■ **Activity**:
Only the lines below starting at the one containing "Today's Confident Woman" and ending at the one containing "Коаксиальная АС Pioneer" belong in the answer, each copied exactly.

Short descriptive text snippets
★ ★ ★ ★
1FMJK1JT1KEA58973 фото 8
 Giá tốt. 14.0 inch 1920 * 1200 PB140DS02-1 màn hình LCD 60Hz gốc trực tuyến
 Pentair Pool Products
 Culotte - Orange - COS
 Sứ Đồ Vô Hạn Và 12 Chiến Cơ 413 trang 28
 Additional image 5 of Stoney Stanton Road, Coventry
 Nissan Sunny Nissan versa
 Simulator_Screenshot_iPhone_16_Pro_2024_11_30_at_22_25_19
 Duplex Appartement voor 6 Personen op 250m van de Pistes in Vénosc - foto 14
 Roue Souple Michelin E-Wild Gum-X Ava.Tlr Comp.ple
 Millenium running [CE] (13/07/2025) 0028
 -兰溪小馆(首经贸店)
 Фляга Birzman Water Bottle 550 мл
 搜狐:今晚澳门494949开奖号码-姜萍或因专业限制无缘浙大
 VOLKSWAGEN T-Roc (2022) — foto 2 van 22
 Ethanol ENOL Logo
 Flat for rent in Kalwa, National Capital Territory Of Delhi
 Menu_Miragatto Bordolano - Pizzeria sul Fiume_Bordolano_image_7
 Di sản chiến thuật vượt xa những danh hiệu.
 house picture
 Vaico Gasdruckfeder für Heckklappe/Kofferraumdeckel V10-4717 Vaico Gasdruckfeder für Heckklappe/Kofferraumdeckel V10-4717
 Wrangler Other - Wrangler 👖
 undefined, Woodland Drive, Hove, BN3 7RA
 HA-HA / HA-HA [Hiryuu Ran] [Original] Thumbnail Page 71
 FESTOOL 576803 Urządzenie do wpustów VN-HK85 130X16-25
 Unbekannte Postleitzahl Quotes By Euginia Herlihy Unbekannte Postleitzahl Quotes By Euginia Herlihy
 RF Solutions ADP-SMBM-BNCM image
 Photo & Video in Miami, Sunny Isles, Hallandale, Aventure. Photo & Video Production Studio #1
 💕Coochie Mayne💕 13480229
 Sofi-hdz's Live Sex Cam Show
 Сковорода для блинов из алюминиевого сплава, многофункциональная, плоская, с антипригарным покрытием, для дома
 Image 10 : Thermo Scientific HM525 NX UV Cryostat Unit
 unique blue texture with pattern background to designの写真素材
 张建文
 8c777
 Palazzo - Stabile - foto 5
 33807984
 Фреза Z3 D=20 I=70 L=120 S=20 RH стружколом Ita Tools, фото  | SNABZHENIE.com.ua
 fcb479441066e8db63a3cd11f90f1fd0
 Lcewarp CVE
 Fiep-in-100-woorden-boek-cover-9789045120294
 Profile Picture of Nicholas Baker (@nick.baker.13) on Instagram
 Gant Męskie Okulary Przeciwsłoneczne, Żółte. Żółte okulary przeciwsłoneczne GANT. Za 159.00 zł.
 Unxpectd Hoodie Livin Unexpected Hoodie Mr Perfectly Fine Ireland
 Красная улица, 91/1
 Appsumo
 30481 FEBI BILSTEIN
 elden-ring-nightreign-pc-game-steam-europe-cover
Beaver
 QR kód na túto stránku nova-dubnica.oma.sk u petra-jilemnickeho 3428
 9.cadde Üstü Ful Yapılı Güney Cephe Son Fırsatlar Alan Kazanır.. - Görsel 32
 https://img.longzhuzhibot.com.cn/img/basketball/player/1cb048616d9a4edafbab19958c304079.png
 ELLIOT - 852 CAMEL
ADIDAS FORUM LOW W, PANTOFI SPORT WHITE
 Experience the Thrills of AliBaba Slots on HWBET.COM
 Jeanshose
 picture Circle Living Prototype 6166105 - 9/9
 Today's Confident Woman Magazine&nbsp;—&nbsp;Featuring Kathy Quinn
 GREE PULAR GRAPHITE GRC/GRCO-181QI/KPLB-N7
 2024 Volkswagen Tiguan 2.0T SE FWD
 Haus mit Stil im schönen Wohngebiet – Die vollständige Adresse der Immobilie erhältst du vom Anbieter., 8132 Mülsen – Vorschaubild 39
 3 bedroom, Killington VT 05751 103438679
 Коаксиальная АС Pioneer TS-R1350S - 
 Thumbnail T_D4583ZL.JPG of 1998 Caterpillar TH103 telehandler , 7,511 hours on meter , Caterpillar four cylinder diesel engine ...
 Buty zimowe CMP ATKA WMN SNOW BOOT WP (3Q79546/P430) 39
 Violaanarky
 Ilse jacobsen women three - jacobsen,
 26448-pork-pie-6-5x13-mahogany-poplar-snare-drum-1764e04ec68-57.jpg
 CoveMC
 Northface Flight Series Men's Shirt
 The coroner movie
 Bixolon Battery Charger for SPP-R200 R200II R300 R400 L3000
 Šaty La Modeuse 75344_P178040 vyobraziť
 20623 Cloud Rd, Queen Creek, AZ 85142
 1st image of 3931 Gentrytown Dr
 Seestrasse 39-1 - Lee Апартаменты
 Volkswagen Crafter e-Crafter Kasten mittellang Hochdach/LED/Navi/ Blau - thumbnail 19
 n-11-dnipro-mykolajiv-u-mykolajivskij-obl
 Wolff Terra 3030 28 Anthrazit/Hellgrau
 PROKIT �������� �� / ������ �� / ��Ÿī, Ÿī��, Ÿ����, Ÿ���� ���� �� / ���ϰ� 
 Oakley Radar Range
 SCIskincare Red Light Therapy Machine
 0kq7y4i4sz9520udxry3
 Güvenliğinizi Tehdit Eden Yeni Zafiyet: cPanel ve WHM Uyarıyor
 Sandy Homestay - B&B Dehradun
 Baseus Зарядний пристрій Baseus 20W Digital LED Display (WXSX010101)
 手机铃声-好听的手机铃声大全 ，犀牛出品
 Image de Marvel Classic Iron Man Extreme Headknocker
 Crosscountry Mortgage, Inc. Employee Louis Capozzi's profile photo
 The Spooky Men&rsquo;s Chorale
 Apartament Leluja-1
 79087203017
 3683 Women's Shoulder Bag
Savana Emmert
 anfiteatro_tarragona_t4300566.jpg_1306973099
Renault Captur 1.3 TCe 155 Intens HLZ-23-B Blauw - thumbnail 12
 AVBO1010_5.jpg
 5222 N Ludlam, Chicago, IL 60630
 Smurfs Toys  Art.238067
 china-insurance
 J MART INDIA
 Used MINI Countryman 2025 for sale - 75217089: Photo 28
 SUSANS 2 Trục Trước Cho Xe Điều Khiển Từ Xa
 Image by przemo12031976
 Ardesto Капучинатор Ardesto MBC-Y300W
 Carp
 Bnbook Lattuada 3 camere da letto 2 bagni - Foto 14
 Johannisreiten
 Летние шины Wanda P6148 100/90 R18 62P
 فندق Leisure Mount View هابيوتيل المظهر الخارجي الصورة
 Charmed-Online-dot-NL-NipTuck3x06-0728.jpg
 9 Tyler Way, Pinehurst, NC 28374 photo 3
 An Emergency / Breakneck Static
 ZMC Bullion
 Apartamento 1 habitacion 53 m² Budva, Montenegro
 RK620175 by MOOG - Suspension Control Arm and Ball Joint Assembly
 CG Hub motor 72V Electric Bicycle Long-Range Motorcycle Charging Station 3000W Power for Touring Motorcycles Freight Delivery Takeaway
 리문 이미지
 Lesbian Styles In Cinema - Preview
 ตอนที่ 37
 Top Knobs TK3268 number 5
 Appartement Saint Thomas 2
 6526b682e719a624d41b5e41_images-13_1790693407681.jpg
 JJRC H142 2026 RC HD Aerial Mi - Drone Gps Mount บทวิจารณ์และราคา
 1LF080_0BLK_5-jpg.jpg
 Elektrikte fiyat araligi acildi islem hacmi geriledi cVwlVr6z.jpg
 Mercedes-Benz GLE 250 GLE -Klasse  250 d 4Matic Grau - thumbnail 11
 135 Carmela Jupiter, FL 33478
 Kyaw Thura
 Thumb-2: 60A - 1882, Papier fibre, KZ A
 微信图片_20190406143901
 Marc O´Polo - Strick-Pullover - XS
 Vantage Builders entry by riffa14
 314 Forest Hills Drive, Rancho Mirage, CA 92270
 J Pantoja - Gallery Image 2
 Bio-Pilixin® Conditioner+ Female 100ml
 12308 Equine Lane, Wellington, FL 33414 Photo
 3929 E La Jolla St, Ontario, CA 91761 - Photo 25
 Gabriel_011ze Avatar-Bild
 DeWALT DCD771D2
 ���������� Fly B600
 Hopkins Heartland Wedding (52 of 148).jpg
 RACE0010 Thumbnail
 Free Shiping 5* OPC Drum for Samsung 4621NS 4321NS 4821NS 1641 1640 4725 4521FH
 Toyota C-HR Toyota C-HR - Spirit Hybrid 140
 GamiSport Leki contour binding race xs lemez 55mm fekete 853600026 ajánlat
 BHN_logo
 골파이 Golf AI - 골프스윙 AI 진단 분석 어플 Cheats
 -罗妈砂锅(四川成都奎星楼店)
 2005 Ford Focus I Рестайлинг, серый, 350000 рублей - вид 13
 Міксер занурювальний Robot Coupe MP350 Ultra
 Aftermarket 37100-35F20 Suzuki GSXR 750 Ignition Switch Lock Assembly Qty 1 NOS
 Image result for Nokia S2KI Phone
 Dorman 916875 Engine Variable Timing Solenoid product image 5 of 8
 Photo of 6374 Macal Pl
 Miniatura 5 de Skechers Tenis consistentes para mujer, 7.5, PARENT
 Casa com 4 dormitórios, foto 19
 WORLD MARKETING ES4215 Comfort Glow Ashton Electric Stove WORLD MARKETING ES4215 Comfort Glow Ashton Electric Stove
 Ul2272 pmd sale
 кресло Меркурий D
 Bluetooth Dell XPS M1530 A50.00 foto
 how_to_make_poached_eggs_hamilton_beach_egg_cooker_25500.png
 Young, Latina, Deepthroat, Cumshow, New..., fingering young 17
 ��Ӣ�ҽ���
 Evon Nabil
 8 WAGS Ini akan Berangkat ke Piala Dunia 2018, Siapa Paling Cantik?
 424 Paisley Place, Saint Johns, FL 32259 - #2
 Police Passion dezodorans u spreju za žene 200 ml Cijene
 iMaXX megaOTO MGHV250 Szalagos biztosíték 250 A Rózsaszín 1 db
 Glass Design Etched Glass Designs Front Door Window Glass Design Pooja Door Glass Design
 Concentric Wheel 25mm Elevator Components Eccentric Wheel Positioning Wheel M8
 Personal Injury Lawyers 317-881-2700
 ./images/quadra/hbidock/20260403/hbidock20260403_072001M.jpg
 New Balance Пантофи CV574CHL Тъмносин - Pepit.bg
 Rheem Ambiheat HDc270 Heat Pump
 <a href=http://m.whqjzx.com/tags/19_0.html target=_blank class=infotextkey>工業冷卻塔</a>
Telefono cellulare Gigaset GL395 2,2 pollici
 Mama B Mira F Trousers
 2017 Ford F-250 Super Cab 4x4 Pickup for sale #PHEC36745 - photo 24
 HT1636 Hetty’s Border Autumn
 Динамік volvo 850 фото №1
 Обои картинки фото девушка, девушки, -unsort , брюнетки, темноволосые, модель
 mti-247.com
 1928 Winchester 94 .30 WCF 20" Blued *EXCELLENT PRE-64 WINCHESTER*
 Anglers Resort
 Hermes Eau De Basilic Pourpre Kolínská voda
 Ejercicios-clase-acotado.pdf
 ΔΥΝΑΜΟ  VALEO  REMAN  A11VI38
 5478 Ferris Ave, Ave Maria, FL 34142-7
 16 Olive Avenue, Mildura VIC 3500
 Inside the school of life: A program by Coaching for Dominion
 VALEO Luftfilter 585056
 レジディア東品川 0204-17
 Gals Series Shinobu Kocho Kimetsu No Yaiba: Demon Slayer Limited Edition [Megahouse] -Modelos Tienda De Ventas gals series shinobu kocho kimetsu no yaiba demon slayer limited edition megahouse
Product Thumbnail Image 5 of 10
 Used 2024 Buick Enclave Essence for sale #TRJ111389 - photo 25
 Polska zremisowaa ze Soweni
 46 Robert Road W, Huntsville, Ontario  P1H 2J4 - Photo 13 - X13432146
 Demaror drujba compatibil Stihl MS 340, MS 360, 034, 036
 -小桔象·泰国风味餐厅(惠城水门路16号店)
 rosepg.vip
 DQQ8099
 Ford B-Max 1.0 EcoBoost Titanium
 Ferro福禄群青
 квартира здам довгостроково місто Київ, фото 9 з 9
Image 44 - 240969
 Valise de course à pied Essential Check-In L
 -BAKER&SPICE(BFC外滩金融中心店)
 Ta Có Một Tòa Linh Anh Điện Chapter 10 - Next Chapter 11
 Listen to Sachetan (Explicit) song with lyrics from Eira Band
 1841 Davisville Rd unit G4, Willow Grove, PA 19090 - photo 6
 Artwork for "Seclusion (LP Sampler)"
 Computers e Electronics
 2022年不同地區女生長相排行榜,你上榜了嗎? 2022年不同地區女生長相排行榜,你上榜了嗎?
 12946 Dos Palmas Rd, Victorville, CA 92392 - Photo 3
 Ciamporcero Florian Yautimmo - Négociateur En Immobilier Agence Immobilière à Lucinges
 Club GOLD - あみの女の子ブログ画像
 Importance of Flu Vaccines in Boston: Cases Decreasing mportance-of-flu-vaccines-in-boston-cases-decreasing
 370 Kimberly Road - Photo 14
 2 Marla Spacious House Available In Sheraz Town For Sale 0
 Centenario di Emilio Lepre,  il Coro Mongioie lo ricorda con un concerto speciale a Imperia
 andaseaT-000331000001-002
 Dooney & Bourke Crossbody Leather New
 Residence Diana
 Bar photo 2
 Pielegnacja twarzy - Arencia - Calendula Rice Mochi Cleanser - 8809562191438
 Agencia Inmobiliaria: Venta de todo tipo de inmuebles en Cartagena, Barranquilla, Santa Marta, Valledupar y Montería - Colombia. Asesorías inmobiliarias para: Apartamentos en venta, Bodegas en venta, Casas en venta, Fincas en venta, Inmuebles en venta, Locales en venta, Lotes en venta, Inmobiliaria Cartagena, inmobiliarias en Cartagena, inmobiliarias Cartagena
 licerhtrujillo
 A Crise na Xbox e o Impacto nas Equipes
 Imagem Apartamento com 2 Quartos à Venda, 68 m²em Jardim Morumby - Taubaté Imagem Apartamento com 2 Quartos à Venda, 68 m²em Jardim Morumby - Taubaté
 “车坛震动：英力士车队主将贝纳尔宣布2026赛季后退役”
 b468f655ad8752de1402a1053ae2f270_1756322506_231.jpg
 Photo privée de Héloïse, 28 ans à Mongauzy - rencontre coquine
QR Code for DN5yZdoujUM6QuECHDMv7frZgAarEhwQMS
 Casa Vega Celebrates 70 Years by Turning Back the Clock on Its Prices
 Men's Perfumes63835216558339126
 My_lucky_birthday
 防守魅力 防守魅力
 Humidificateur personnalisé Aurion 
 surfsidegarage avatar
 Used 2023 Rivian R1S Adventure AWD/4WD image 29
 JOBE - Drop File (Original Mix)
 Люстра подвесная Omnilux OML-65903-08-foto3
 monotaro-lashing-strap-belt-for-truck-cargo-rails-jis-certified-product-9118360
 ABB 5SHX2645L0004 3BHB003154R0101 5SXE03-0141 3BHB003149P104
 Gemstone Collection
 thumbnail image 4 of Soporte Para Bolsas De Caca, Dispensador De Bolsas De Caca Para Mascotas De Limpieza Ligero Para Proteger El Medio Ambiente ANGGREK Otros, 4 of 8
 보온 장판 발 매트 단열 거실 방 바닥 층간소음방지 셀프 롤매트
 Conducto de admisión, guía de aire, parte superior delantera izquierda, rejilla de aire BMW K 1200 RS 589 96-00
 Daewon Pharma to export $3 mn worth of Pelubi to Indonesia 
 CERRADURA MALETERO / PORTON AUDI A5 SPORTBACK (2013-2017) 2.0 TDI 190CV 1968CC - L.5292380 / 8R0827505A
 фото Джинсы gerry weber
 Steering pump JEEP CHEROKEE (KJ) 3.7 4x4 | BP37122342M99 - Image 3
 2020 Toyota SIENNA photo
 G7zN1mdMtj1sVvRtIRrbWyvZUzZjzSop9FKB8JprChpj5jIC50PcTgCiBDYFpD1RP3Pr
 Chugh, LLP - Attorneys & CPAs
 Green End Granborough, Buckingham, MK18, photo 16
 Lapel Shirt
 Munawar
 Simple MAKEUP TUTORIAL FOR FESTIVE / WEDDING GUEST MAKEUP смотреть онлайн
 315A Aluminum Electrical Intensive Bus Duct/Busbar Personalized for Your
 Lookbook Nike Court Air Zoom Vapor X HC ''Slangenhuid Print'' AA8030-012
★ ★ ★ ★
■ **Written reply**:
 Today's Confident Woman Magazine&nbsp;—&nbsp;Featuring Kathy Quinn
 GREE PULAR GRAPHITE GRC/GRCO-181QI/KPLB-N7
 2024 Volkswagen Tiguan 2.0T SE FWD
 Haus mit Stil im schönen Wohngebiet – Die vollständige Adresse der Immobilie erhältst du vom Anbieter., 8132 Mülsen – Vorschaubild 39
 3 bedroom, Killington VT 05751 103438679
 Коаксиальная АС Pioneer TS-R1350S - 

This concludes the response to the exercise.